The apostles knew that they
would be subject to persecution. So those ten days might have been
terrible without Jesus, and before this new “Advocate” came to them.
But if we read just a little more of the Acts of the Apostles than we
did on Ascension Thursday, we that they had a source of consolation and
stability:
And when they had entered the city, they came to the upper room
where were staying.... All these with one mind continued
steadfastly in prayer with the women and Mary, the Mother of
Jesus, and with His brethren.
“Mary, the Mother of Jesus” has
been the Mother of us all, ever since we were entrusted to her care in
the person of Saint John the Apostle.
She is our “stability and consolation.” She has been, over the
centuries, and will be, until the end of time. Yesterday we celebrated
her feast as “Queen of the Apostles,” their consolation in the upper
room. Wednesday, May 24th, was her feast as “Help of Christians,” and
we are reminded how she protected Constantinople from the Moslems in
AD 911, how she brought solace to all of Europe in the 16th century by
defeating the Moslems at Lepanto, and by liberating Pope Pius VII from
the grasp of Napoleon in the 19th. Also in May, she is celebrated as
“Queen,” “Mediatrix of all Graces,” and “Queen of all Saints.”

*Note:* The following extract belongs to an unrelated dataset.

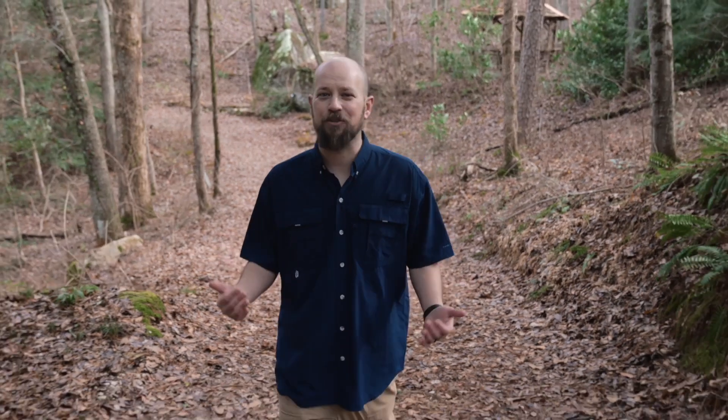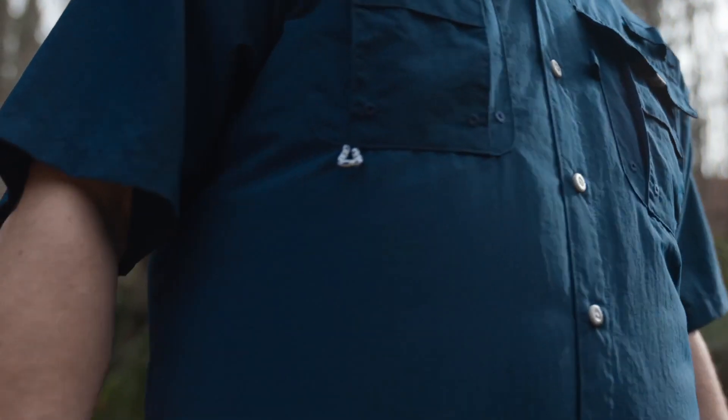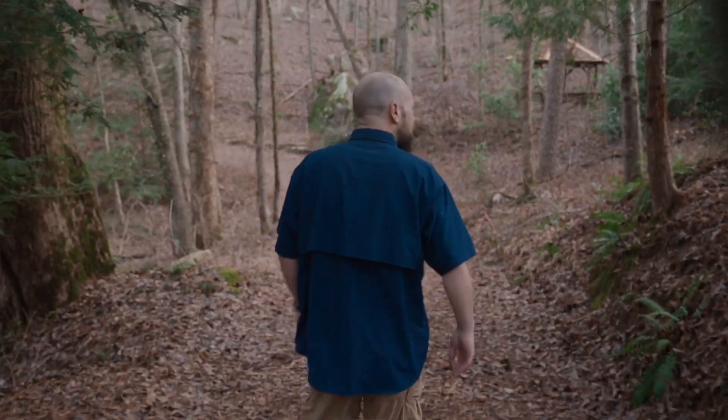Why does every outdoor brand think that I want to look like this? I know I don't. Gear today is out of control. I mean, just look at the shirts. They're putting mesh, vents, pockets, and ropes all over the place just to make them look the part. And all those vents are only needed because the fabric can't breathe or stretch. And that boxy design doesn't look good on anyone. Why can't you have a performance shirt that's great for everyday wear?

Sometime our Lady is able to
deliver us from illness, or to avert natural disaster. Sometime she
delivers us from the crimes of those who act through greed and lust.
And, sometimes she delivers us from the jealousy of sinners. But
sometimes, God tells her that her intervention would not be in our best
interest; that we must sometimes share her Son's sufferings. But even
then, she is with us in our time of tribulation, for Mary is always our
Queen, our, consolation, and our solace; for Mary is always our Mother.